The potential income of Iran's rail transit from trade exchanges between East Asian countries and Europe through the East-West corridor is estimated at about $1.8 billion and through the North-South corridor at about $90 million a year.
This shows how important the East-West corridor is to Iran. Currently, Sarakhs-Bandar Abbas is the most active rail corridor in Iran, providing 80 percent of the country’s transit revenues.
Emerging economic powers such as China and India, which are the main parties pursuing the completion of corridors in the region, are trying to arrange multiple routes for their trade.

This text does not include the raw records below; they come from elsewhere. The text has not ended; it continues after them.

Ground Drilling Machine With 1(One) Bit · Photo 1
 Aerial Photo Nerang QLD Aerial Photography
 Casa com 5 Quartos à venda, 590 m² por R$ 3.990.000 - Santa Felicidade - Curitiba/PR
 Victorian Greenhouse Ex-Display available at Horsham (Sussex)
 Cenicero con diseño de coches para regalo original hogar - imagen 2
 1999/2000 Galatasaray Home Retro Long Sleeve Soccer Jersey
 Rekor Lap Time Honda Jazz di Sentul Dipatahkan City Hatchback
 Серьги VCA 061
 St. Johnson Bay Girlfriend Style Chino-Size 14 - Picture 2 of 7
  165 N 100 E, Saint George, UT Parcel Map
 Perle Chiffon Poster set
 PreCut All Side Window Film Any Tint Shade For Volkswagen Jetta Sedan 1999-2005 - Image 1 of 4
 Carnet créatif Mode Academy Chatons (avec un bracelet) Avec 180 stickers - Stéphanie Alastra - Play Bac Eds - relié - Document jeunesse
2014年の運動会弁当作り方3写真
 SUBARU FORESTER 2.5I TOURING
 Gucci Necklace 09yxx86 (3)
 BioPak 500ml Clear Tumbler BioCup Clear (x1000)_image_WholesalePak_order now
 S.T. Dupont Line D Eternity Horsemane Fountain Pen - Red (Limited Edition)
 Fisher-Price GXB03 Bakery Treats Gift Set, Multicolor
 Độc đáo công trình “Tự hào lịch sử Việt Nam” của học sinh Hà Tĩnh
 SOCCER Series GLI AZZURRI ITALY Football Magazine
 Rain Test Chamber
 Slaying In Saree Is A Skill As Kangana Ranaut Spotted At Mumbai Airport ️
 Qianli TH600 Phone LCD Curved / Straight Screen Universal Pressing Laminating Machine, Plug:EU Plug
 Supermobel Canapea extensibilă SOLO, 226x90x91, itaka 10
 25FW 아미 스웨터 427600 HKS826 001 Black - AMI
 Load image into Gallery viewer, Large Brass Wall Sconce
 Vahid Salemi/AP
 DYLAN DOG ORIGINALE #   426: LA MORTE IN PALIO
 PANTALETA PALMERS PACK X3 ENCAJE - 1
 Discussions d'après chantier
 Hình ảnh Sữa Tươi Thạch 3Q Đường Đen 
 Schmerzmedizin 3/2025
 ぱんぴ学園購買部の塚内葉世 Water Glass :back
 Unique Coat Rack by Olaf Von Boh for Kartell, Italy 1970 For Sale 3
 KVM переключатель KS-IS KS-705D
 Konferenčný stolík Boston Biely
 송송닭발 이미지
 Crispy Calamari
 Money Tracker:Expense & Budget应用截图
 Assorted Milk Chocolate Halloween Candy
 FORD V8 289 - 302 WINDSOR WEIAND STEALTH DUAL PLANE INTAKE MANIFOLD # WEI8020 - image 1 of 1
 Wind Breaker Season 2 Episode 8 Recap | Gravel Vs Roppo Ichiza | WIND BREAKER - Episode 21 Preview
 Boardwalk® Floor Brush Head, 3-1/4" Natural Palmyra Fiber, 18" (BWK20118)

Even though none of the trade routes in the region can replace those through Iran, parallel routes can reduce the transit benefits of the country.
Therefore, Iran's delay in securing its share of transit in the region would benefit its competitors and seriously underline the country’s national interests.
Iran’s geographical location on the path of both the East-West and North-South corridors is definitely unmatched, which can also avail the passage of combined corridors, especially in view of the economic, security and time-saving advantages which the country has.
However, the precedence given to political observations by some parties has created problems, which calls for robust political parleys and expansion of political and economic relations to keep Iran in the centerpiece of the regional connectivity plans.
Any failure can deprive Iran of numerous benefits in this regard, although the exclusion the Islamic Republic from the regional connectivity map would incur grave costs for the other parties.
Iran has also said it will block an American corridor in the Caucasus.
Under a deal signed between Azerbaijan and Armenia in Washington on Friday, Armenia could grant exclusive rights to the U.S. to develop a corridor in its southern Syunik province, which borders Iran, to connect Azerbaijan to Nakhchivan.
Iran has for long opposed the idea, saying it would change the geopolitical order of the Southern Caucasus and would restrict Iran’s ability to use transport networks in the region.